- **Input**
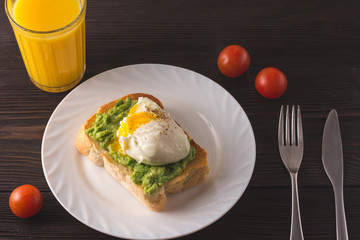 Breakfast. Toast with smashed avocado and poached egg on white plate with cherry tomatoes,  fresh orange juice on brown wooden background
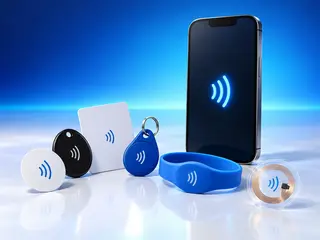 Un iPhone avec une icône NFC lumineuse derrière une rangée de formats de tags NFC : un autocollant, un jeton, une carte PVC, un porte-clés, un bracelet et un inlay transparent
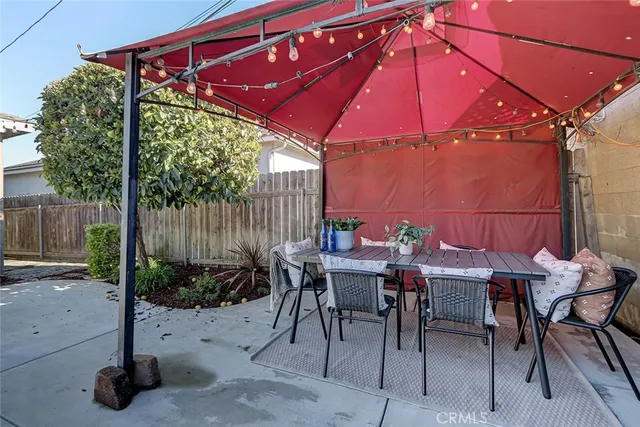 a patio with a table and chairs under an umbrella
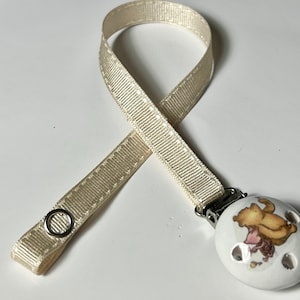 Peut inclure: Un ruban de satin crème attaché à un clip de sucette en céramique blanche avec un motif Winnie l'ourson et Porcinet.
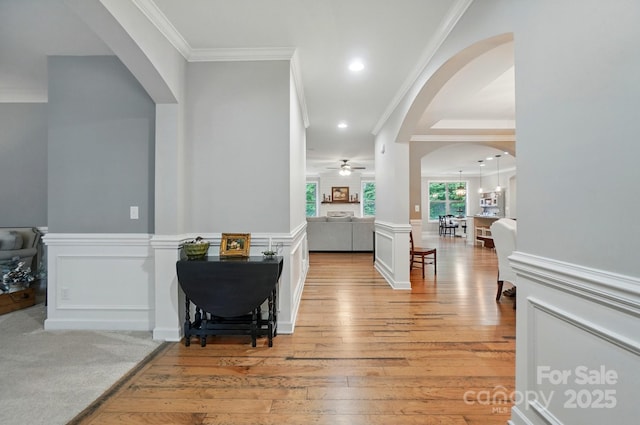 110 St Sophia Ct, Mooresville, NC 28117 - hallway featuring arched walkways, crown molding, light wood finished floors, and recessed lighting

- **What is needed**
Could you return exactly the lines starting with the one that contains "Un iPhone avec" and ending with the last line of the data above? Leave the pictures out.

- **Exercise answer**
 Un iPhone avec une icône NFC lumineuse derrière une rangée de formats de tags NFC : un autocollant, un jeton, une carte PVC, un porte-clés, un bracelet et un inlay transparent
 a patio with a table and chairs under an umbrella
 Peut inclure: Un ruban de satin crème attaché à un clip de sucette en céramique blanche avec un motif Winnie l'ourson et Porcinet.
 110 St Sophia Ct, Mooresville, NC 28117 - hallway featuring arched walkways, crown molding, light wood finished floors, and recessed lighting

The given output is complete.